Three small refinements that follow from using maple_tree more
idiomatically on the alloc and free walkers:

  - Carry the MA_STATE through the alloc walker instead of dropping
    and re-positioning it between the gap query, the candidate
    classify step, and the post-clip publish.  The walker is already
    pointing at the chosen range; reuse it.

  - When the gap query is satisfied by an entry whose start is not
    yet aligned, ask for a gap of (size + align - 1) so the first
    match is guaranteed alignable.  This matches the effective
    behaviour of the augmented rb_tree's gap traversal.
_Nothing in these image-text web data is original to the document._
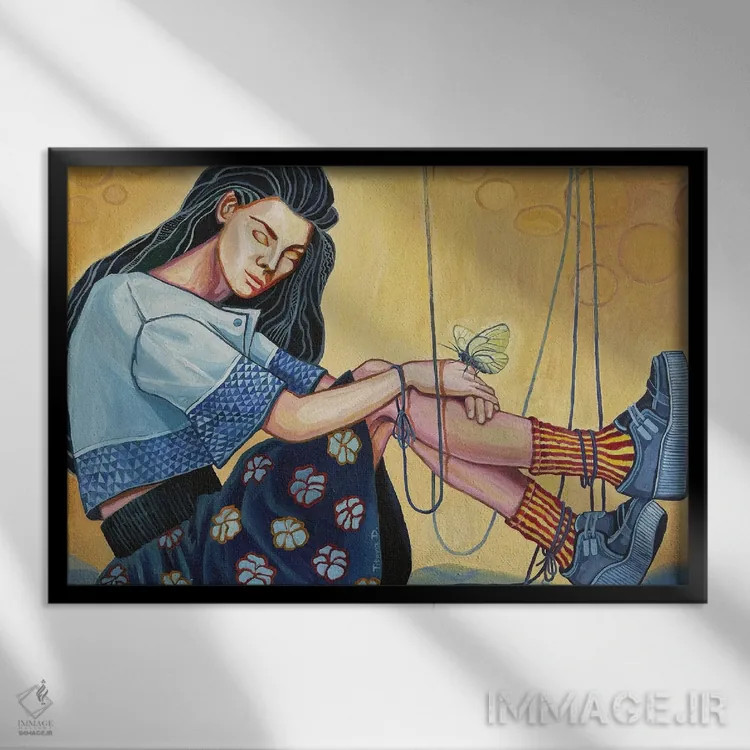 تابلو عروسک خیمهشببازی خوابیده اثر دیانا تیتووا - نمای قابدار مشکی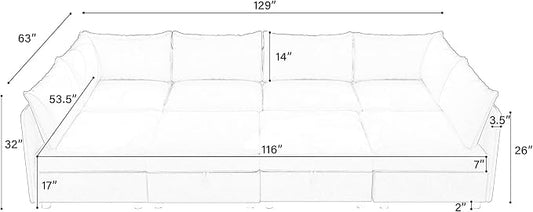 129-Inch Oversized 8 Seat Modular Cloud Sofa Deep Seat Storage Sectional Sofa Couch Free Combination W/Movable Ottomans,L/U Shaped Chenille Upholstered Convertible Sleeper Couch for Home Apartment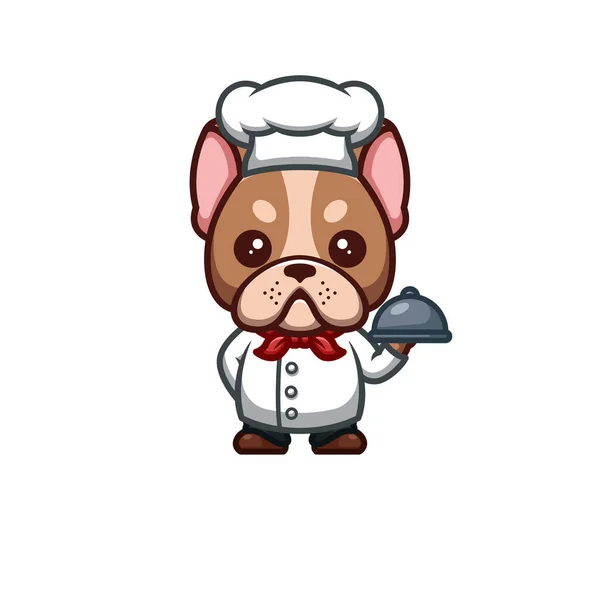 French Bulldog Chef Cute Creative Kawaii Cartoon Mascot Logo — Stockvektor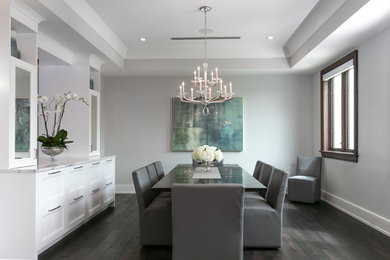 Design ideas for a large enclosed dining room in Tampa with grey walls, dark hardwood flooring and brown floors.
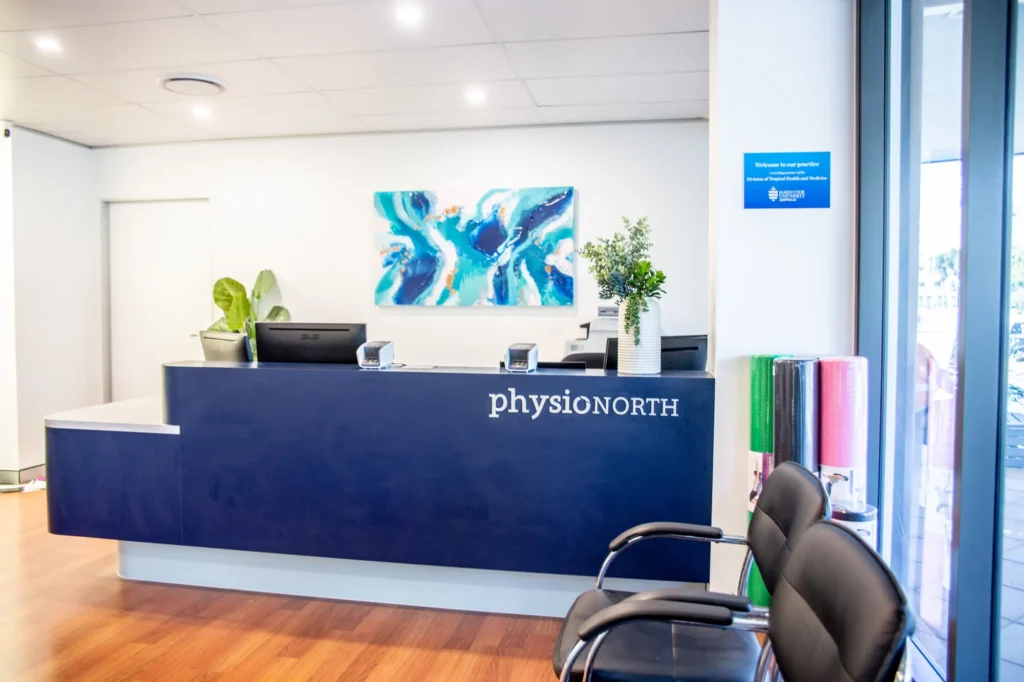 The Physionorth reception desk on Eyre Street, North Ward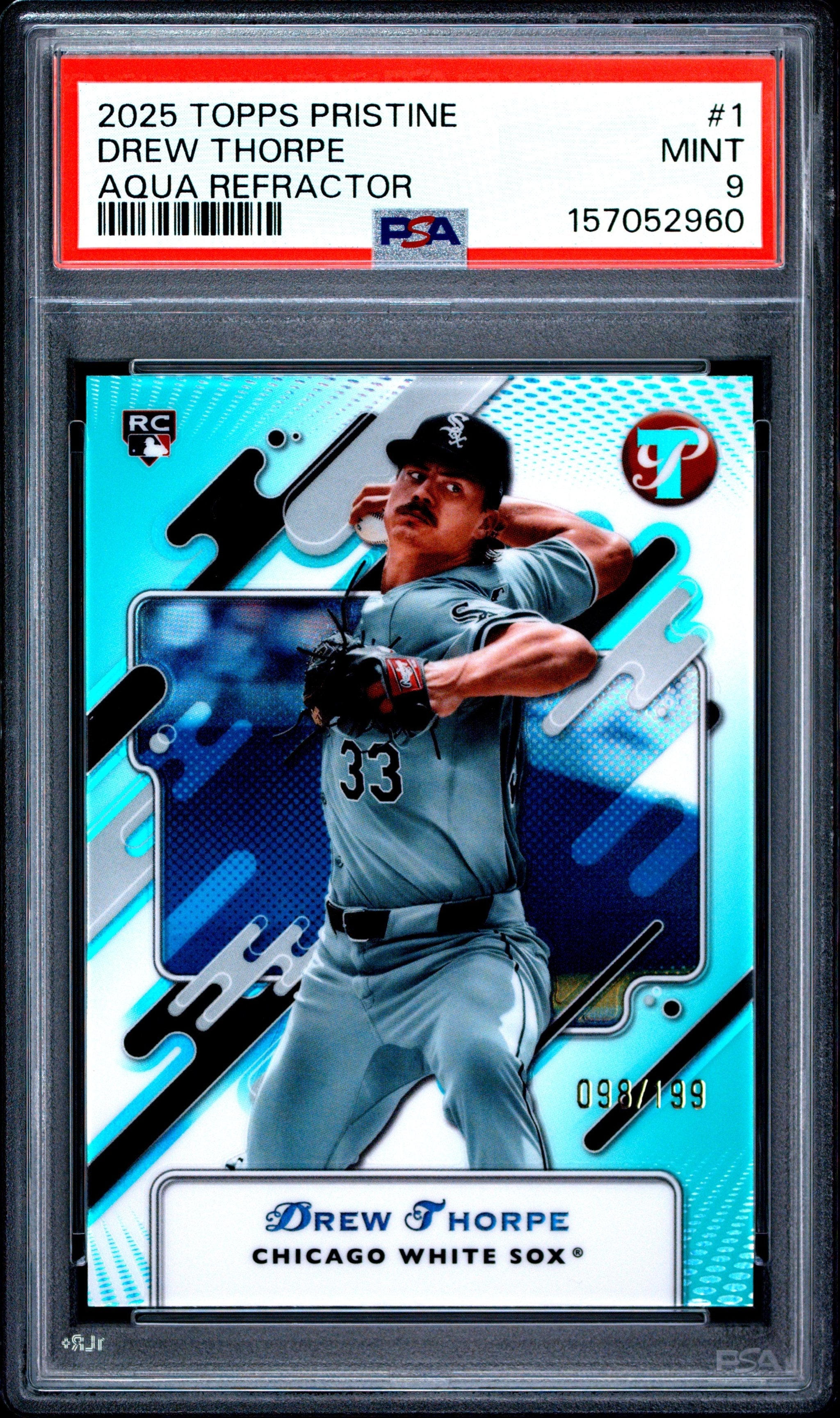 Graded 2025 Topps Pristine Drew Thorpe #1 Aqua Refractor /199 Rookie RC Baseball Card PSA 9 Mint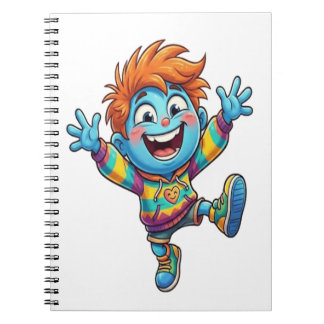 Caderno Espiral Libreta Inspiradora Niño Azul Feliz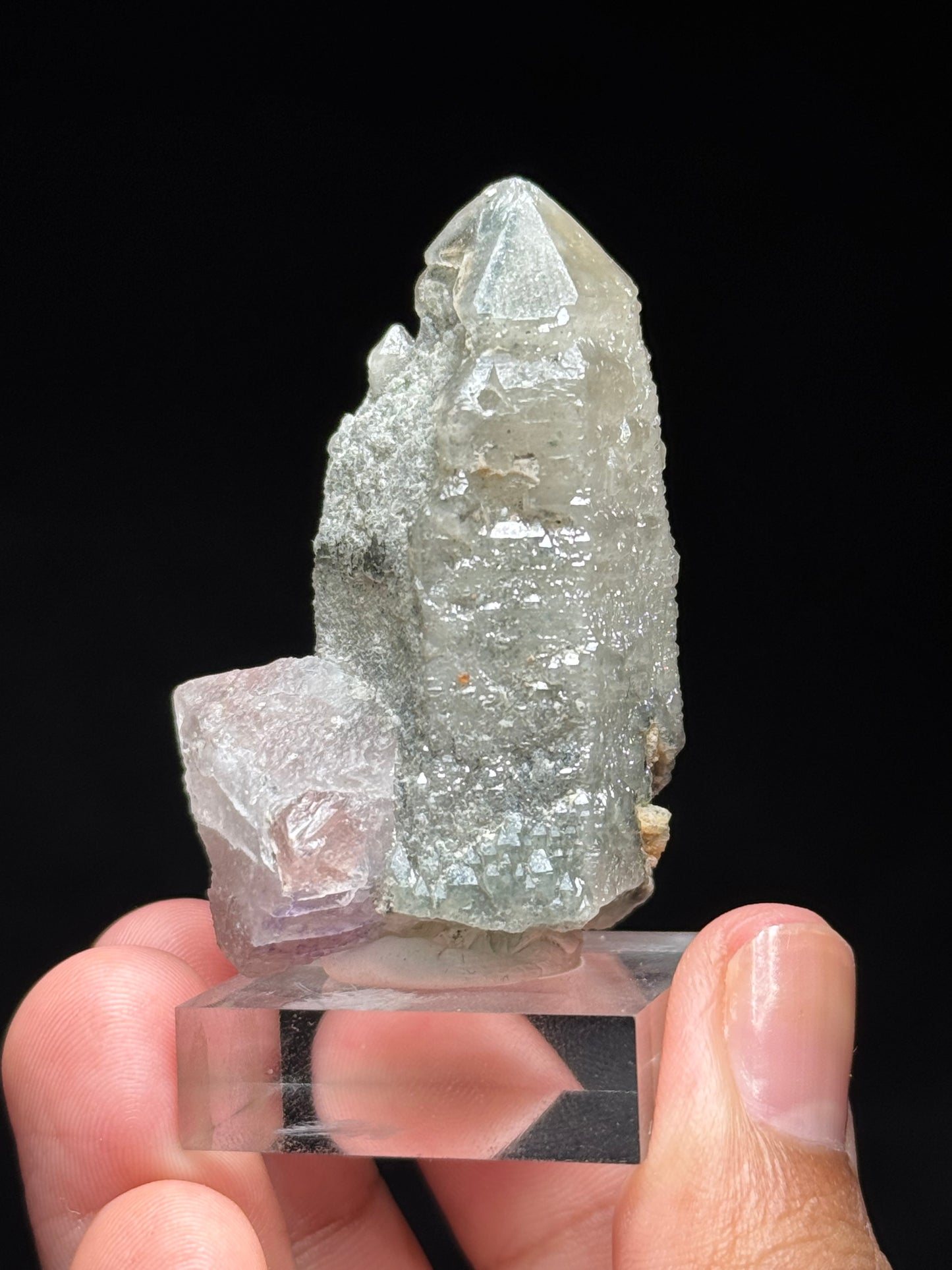 Pink Fluorite on Quartz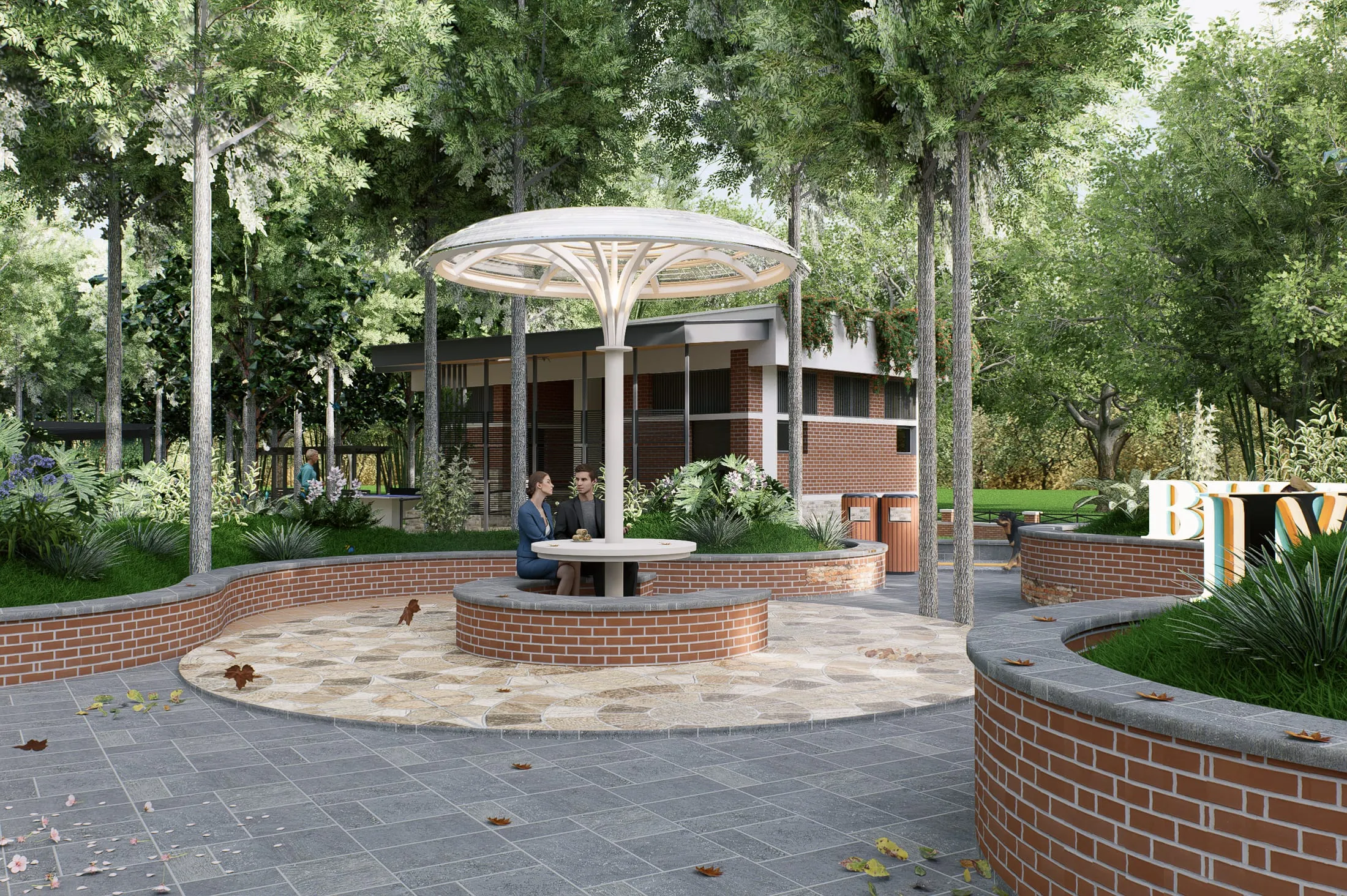 Canopy court with brick planters at Bhutandevi Park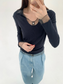 LAYERED SHEER COLLAR TOP 2124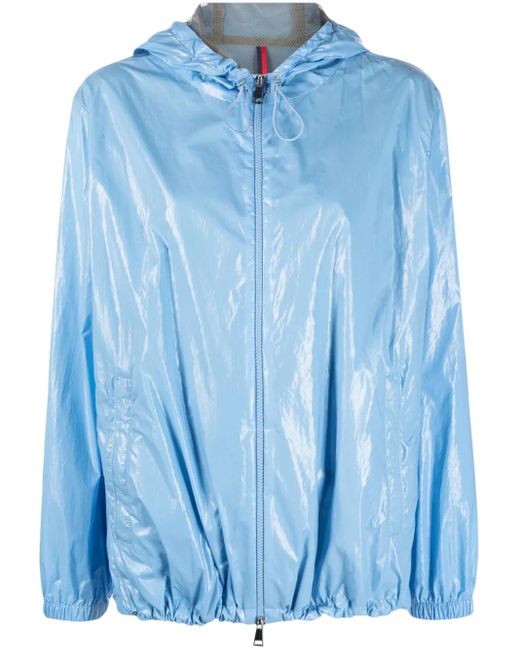 Moncler Blue Cotton Hooded Zip Jacket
  - When va_clip narrows an existing free entry, store NULL on just
    the consumed sub-range instead of erasing the whole entry and
    re-storing the surviving prefix/suffix.  mas_store(NULL,
    [start, end]) leaves the un-trimmed sub-range of the original
    entry intact, so the re-store is unnecessary.

  - Walk the address-keyed occupied tree with mas_find on the rare
    decay path so the per-node free-area scan can prune ranges that
    are already aligned out.

No semantic change to the allocator policy, the free-area shape, or
the addresses returned.

Signed-off-by: Pranjal Arya <pranjal.arya@oss.qualcomm.com>
---
 mm/vmalloc.c | 338 +++++++++++++++++++++++++++++++++++++++++++++++++----------
 1 file changed, 283 insertions(+), 55 deletions(-)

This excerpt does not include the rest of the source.